┌──
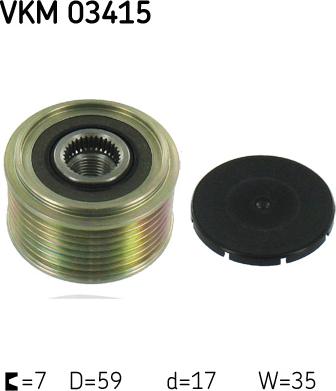 SKF VKM 03415 - Puleggia cinghia, Alternatore autozon.pro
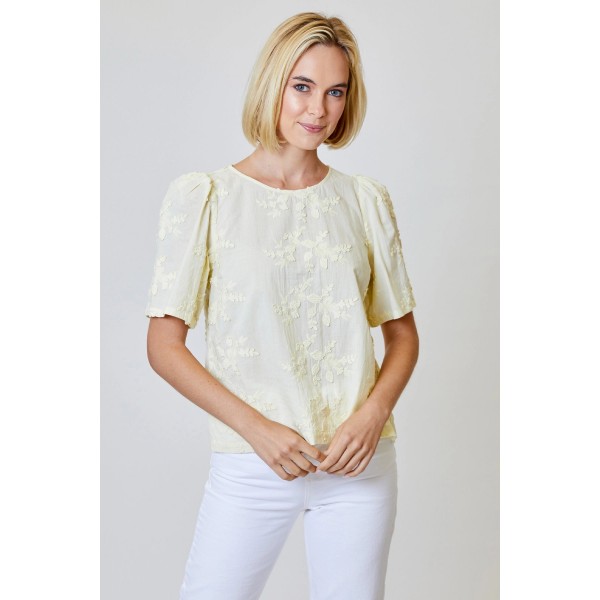 Eyelet Flower Applique Top Eyelet Flower Applique Top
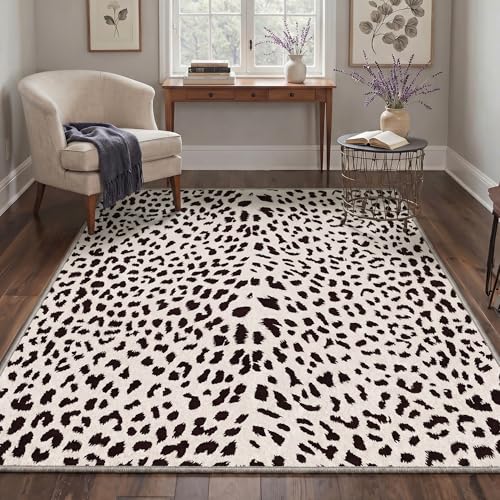 Leopard Print Rugs 8x10 Washable Area Carpet for Living Room Bedroom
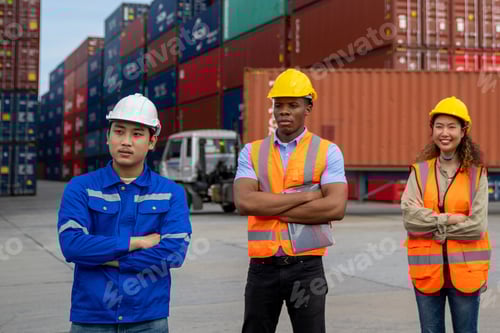 Preview: Group of engineer worker and manager standing in the shipping yard container.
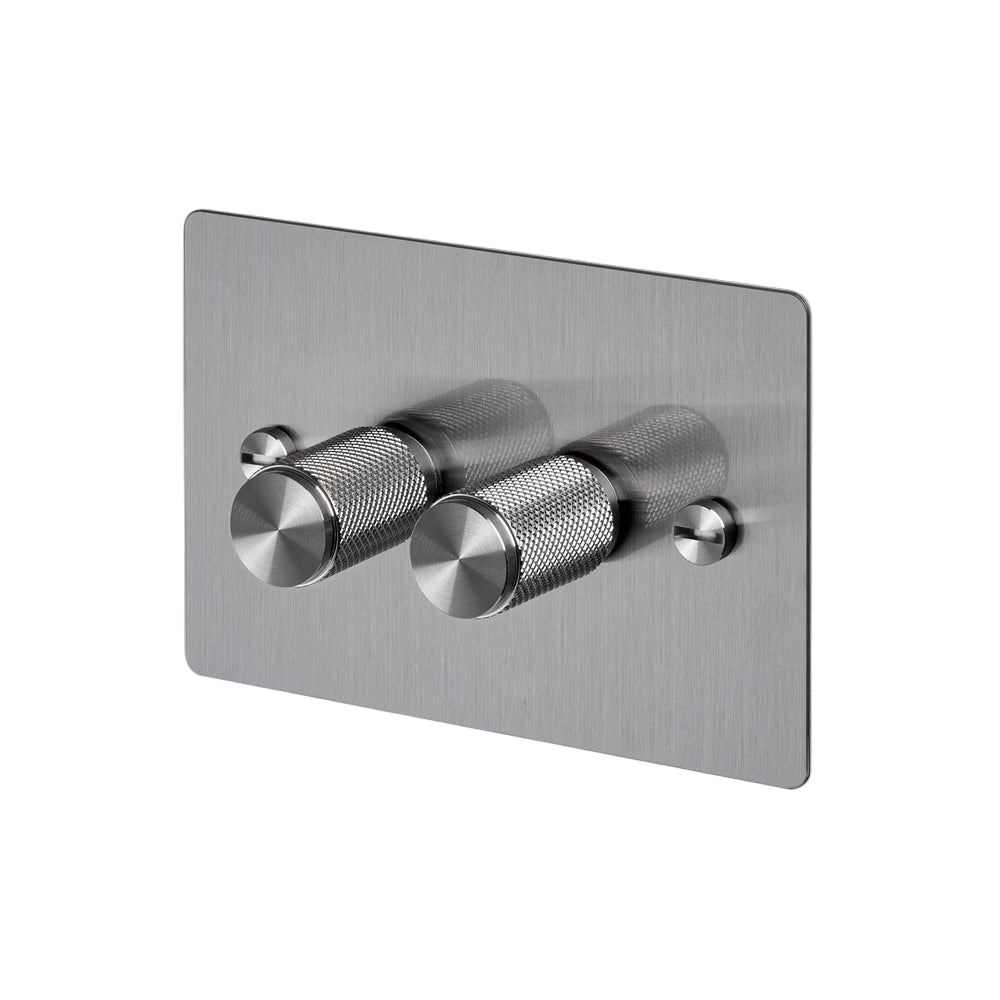 2G Dimmer / Horizontal / 100W / Cross / Steel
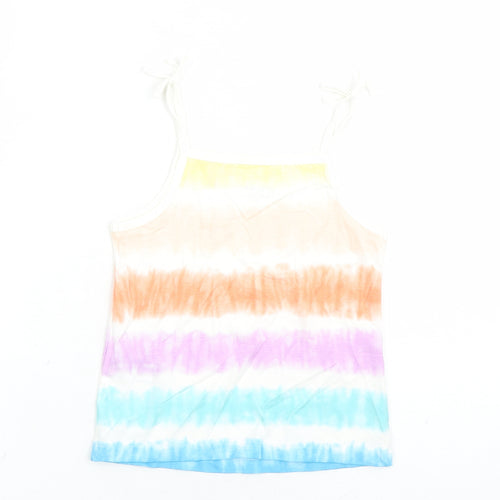Marks and Spencer Girls Multicoloured Cotton Camisole Tank Size 4-5 Years Square Neck Tie - Tie Dye Effect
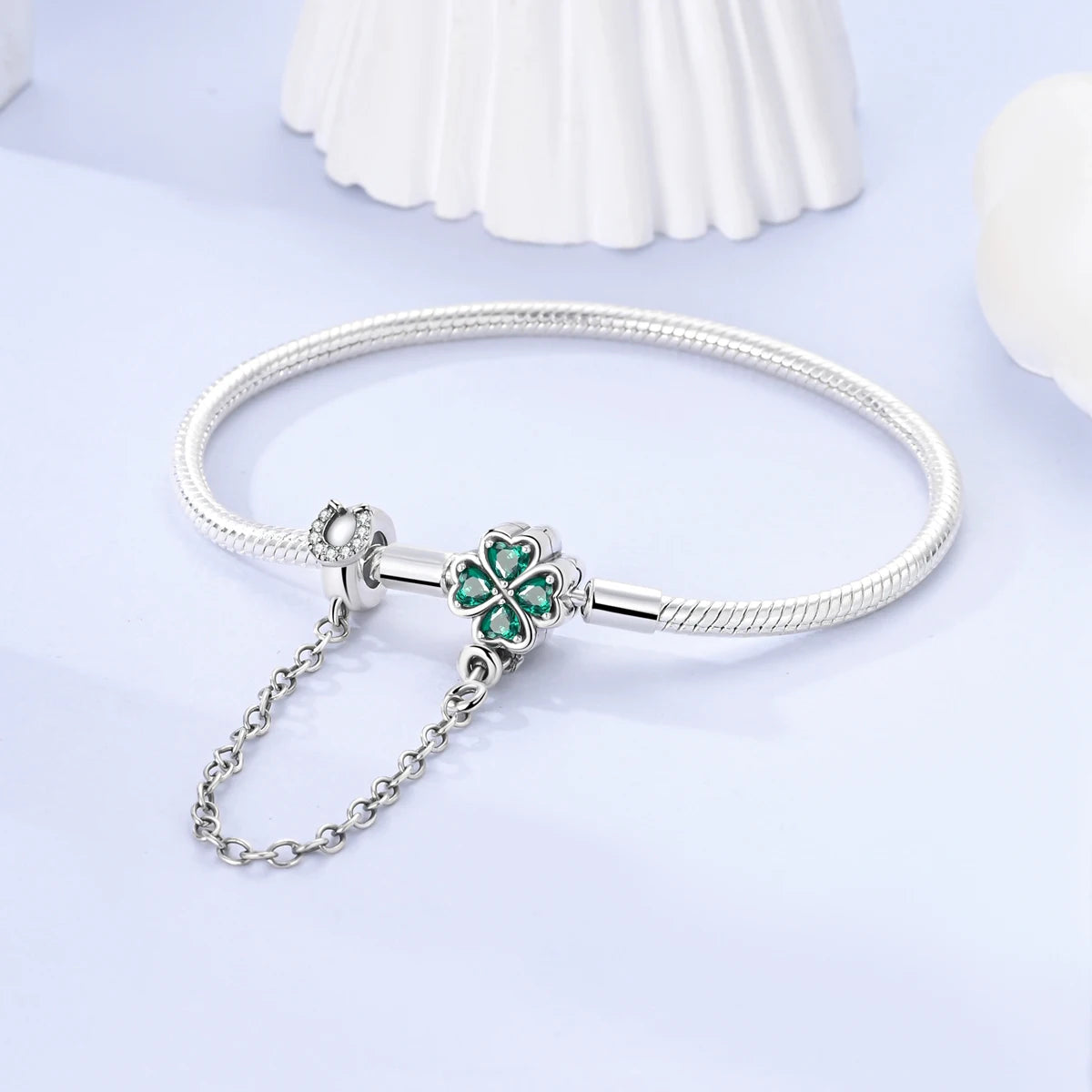 Original 925 Silver Bracelet Original Clover Heart Snake Chain Bracelets Fit Charms Beads Jewelry Gift Diy For Woman Wedding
└──
# Instructions to follow
All that should appear in the response is the run of lines from the one with "Preview: Group of" through the final line of the records, restated exactly, with pictures omitted.

# Finished task
 Preview: Group of engineer worker and manager standing in the shipping yard container.
 2G Dimmer / Horizontal / 100W / Cross / Steel
Marks and Spencer Girls Multicoloured Cotton Camisole Tank Size 4-5 Years Square Neck Tie - Tie Dye Effect
 Original 925 Silver Bracelet Original Clover Heart Snake Chain Bracelets Fit Charms Beads Jewelry Gift Diy For Woman Wedding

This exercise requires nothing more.